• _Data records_
════════

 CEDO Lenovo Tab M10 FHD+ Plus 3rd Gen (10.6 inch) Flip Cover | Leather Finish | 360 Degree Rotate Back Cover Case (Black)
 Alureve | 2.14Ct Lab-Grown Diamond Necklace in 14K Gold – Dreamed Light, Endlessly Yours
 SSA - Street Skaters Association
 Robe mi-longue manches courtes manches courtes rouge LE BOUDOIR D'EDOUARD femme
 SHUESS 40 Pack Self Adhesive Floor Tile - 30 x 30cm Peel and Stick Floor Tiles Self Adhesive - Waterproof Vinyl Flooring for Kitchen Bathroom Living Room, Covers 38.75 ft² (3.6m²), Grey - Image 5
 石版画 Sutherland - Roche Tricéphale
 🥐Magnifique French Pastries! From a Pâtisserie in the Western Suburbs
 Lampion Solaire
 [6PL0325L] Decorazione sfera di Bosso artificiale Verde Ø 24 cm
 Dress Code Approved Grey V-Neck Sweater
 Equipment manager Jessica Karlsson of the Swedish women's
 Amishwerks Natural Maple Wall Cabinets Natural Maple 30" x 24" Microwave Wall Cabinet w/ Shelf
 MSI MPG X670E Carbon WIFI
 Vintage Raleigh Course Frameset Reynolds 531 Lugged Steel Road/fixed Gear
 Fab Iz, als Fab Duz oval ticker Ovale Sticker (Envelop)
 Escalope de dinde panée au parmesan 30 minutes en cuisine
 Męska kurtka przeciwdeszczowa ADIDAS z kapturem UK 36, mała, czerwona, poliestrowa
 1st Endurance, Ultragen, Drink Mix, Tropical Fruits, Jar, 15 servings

════════

• _Work task_
Wherever the string "Grey" occurs in the entries, copy that whole line.

• _Your response_
 SHUESS 40 Pack Self Adhesive Floor Tile - 30 x 30cm Peel and Stick Floor Tiles Self Adhesive - Waterproof Vinyl Flooring for Kitchen Bathroom Living Room, Covers 38.75 ft² (3.6m²), Grey - Image 5
 Dress Code Approved Grey V-Neck Sweater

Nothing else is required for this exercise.